Geospatial data is crucial for a wide variety of government and private sector activities because it helps provide context for analysis, planning and decision support. After being struck by a natural disaster, for example, a region not only needs current and complete data (such as maps of roads, buildings that can serve as shelters, and places to land helicopters) it also needs to update maps and make them available as fast as possible for response and recovery operations. Unfortunately, geospatial data publishing is done by numerous participants whose information systems use various different formats and protocols, and in the past this made it difficult to access, integrate and use the data. Government agencies, communities and research institutions rely on both off-the-shelf and custom-made software products that often do not interoperate seamlessly.

Fortunately, providers of these software products, following the trend in the larger information technology (IT) world, are moving rapidly toward ubiquitous use of internationally accepted open interface and encoding standards that enable interoperability. Interoperability between diverse distributed systems makes possible more options in procurement and more options in SDI policy.

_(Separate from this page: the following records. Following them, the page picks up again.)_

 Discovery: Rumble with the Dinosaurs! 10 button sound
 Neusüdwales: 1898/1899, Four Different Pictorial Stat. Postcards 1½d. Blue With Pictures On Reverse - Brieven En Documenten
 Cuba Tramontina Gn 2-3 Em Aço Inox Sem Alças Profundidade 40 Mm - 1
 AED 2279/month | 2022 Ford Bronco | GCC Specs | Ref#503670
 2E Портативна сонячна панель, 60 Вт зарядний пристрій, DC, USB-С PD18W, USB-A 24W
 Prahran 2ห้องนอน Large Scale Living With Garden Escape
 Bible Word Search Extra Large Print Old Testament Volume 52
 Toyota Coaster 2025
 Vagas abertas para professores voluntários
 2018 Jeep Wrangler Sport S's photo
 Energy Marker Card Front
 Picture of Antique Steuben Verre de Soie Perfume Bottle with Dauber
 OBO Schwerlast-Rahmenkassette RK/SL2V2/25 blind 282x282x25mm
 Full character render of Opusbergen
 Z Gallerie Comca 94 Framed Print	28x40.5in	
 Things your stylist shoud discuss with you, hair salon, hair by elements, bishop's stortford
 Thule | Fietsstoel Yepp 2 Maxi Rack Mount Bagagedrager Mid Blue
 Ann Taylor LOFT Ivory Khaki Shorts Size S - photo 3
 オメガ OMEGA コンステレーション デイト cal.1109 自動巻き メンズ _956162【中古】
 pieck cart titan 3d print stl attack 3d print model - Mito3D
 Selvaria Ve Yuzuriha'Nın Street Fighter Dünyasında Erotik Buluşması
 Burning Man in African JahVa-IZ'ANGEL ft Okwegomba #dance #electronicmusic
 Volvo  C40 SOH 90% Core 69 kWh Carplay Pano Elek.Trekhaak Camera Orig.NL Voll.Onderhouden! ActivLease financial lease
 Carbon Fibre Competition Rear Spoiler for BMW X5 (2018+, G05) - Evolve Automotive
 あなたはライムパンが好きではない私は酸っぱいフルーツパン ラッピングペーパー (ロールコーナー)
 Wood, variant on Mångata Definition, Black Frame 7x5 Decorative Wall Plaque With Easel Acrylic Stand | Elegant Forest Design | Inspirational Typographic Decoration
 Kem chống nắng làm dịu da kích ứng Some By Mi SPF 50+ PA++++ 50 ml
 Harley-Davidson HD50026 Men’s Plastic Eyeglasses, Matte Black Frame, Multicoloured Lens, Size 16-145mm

The OGC is a standards development organization (SDO) focused on providing such geospatial interface and encoding standards. This article provides information, about the OGC, exemplar projects, the value of standards and the importance of OGC and standards in Spatial Data Infrastructures. As more offices in government and businesses in the private sector begin producing and hosting data and as the open standards-based Web becomes the dominant delivery mechanism, Spatial Data Infrastructures (SDIs) become increasingly valuable to governments, citizens and commercial enterprises at all levels.

Figura 1

Figure 1

2 The Open Geospatial Consortium

2.1 OGC Overview

The Open Geospatial Consortium (OGC) is a nonprofit, international, voluntary consensus standards organization, founded in 1994. The OGC leads the development of standards for geographic content and services, sensor webs, and location services. The OGC’s mission is to help realize the full societal, economic and scientific benefits of integrating electronic location resources into commercial and institutional processes worldwide. The OGC manages a process in which developers and users of spatial data products and services collaborate to develop and promote international standards for geospatial interoperability. In October 2011 the OGC membership consists of more than 435 geospatial technology software vendors, systems integrators, government agencies and universities.

The primary product of the OGC is “standards”. An OGC standard is a document that details the engineering aspects and rules for implementing an interface or encoding that solves a specific geospatial interoperability problem. In a formal consensus process, the contents of standards documents are defined, discussed, tested, and approved by the members. The standards are designed to support interoperable solutions that “geo-enable” the Web, wireless and location-based services, and mainstream IT. They empower technology developers to make complex spatial information and services accessible and useful to all kinds of applications. As of October 2011, more than 40 standards have been published by OGC.

The OGC is not the only SDO. Other SDOs specialize in domains other than geospatial technology. The OGC collaborates with them, reusing their technology and helping address their requirements for location. These SDOs include such organizations as the International Organization for Standardization (ISO) Technical Committee 211, the Organization for the Advancement of Structured Information Standards (OASIS), the Internet Engineering Task Force (IETF) GeoPriv Working Group, National Emergency Number Association Next Generation 911 (NENA), the Open Mobile Alliance (OMA) and the World Wide Web Consortium (W3C).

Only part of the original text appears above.